А потом смертельный ужас и холод во всем теле, холод страха... Шум прибоя и шелест волн заслонили все это, и он был чайкой, летящей к своему видневшемуся на горизонте острову, устало махая крыльями, хорошо понимая, что не долетит. Волны пытались дотянуться до него своими жуткими синими пальцами. Горизонт кренился и снова выравнивался, а он летел, зная, что перестанет это делать, только когда умрет, да и то кто его знает, потому что там, на берегу острова, виднелась тоненькая бронзовая фигурка и махала ему рукой. Невыразимая тоска вдруг охватила его, рванула навстречу... Тоска и любовь... Любовь? Да, он вдруг понял, что такое любовь, она проснулась в нем, зашевелилась и наполнила тело странно забытой сладостью, а еще волнами, сотрясавшими его...
Он открыл глаза и понял, что это все... Он больше не может, не способен жить здесь, и наплевать ему на этот город, на этот мир и даже на всю цепь миров... Эрик вдруг понял, что не уйдет из этого города, потому что где-то здесь скрыта возможность вернуться обратно в тот мир, в котором он умер, и попробовать все сначала. Собственно, какой смысл идти куда-то, ведь все города мира похожи друг на друга, как близнецы, и точно так же окружены бесконечными песками?
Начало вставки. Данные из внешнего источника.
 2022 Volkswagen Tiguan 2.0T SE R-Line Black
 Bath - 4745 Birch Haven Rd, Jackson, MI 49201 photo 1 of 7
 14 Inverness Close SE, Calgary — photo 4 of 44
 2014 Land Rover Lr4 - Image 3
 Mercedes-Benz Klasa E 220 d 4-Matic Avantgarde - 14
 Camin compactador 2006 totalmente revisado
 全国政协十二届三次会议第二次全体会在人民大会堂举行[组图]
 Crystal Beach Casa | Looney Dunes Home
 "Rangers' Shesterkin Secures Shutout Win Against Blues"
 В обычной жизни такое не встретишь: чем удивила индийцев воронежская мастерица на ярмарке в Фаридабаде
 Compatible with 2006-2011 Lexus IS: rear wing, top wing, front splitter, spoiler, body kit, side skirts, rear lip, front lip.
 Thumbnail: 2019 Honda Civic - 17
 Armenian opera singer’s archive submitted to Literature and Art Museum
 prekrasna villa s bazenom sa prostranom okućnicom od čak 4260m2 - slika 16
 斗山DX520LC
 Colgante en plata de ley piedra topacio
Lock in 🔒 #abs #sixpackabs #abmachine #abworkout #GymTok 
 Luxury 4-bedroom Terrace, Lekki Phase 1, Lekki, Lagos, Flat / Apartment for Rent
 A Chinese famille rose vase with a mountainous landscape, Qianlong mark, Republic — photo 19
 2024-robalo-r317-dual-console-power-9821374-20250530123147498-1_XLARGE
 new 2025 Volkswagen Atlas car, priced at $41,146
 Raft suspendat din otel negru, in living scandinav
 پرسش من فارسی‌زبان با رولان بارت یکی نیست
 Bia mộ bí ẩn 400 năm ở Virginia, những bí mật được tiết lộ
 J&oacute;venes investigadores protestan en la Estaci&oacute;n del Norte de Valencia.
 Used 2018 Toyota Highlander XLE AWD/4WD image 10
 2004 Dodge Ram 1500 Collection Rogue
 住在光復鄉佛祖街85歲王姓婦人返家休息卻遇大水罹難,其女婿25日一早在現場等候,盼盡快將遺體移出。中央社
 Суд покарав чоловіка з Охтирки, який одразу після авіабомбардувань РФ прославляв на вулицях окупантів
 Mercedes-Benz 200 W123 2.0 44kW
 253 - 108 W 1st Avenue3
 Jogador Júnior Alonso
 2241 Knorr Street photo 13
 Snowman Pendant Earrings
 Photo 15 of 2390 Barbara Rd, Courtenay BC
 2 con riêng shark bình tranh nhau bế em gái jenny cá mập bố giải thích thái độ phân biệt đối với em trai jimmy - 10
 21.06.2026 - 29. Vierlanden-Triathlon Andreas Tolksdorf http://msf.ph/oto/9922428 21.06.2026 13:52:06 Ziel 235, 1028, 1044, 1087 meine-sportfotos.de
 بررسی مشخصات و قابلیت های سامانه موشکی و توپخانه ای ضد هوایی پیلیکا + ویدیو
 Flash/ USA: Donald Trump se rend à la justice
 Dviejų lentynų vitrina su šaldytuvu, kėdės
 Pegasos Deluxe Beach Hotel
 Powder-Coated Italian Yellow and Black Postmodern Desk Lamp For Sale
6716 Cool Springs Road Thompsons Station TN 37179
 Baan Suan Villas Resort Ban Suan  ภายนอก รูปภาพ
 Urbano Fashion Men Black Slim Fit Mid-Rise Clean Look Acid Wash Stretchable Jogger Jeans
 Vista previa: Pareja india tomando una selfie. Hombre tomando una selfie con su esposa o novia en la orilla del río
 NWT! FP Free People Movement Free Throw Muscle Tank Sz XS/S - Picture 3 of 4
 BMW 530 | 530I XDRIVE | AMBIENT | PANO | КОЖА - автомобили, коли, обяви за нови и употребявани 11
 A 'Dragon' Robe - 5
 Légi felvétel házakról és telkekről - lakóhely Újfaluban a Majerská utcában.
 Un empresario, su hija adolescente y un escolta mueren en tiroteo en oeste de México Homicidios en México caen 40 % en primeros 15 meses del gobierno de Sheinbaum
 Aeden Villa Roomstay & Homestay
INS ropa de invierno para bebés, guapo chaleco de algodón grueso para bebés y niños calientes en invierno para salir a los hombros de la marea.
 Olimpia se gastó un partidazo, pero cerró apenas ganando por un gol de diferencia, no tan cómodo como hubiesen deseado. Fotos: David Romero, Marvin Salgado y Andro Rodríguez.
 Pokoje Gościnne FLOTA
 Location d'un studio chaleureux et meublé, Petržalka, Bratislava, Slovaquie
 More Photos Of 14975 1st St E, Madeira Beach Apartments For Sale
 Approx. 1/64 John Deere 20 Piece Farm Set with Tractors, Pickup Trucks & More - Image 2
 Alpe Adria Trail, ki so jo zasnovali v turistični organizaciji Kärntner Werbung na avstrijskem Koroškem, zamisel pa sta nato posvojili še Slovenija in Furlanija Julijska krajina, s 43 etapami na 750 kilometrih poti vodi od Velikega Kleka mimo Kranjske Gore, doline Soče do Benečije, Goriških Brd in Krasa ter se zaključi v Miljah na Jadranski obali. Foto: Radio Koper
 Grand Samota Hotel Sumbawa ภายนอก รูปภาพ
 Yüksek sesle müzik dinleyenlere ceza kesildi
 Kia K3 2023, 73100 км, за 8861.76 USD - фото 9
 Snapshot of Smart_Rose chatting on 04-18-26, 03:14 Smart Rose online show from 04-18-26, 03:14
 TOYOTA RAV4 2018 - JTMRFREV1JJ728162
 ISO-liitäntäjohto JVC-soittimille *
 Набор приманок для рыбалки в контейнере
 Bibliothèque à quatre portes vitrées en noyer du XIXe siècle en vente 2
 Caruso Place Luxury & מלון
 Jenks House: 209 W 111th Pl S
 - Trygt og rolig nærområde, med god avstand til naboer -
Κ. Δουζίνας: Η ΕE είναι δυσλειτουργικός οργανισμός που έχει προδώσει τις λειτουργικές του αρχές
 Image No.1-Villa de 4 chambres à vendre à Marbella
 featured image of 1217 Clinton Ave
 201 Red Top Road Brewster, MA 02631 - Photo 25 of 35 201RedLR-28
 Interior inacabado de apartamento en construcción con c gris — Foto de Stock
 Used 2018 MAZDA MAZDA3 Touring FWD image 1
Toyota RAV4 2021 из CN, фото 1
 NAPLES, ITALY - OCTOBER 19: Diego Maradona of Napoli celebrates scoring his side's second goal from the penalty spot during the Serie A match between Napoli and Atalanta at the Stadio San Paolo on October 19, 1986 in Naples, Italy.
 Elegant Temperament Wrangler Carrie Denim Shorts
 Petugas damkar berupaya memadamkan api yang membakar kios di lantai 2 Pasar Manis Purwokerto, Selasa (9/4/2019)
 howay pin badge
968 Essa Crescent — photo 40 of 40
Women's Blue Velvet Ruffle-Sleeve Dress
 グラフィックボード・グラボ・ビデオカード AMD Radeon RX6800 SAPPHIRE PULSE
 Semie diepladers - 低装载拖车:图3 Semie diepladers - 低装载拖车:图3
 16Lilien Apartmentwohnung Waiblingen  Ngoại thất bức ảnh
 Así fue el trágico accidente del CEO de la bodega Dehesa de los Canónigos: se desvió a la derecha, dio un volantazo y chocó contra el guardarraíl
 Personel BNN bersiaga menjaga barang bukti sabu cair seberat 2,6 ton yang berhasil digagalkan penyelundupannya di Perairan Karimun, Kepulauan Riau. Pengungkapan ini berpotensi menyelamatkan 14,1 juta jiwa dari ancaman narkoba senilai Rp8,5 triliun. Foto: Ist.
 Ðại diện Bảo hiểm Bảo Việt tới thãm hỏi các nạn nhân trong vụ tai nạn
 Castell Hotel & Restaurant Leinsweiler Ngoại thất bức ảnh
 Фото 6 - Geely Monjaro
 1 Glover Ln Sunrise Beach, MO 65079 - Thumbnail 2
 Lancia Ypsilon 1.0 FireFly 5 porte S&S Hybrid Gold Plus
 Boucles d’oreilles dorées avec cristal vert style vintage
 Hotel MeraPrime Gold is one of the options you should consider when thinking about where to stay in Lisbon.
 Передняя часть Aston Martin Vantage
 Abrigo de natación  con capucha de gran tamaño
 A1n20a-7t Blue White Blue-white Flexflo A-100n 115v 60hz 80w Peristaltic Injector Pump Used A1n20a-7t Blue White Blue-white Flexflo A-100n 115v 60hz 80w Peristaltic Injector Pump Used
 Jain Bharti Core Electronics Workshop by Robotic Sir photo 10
Нет, он отсюда не уйдет. Не нужно ему Вингальва, где, говорят, все точно так, как описывается в Библии, — царство Божье... Нет, он должен вернуться.
Вот только как это сделать?
Кто-то тряс его за плечо, и, открыв глаза, Эрик увидел, что это крысиный король.
— Эй, ты что? Очнись!
— Нет, — сказал Эрик, пытаясь стряхнуть остатки овладевшего им дурмана. — Плевал я на холод и одновременно на жару, на эти пески и на этот второй мир.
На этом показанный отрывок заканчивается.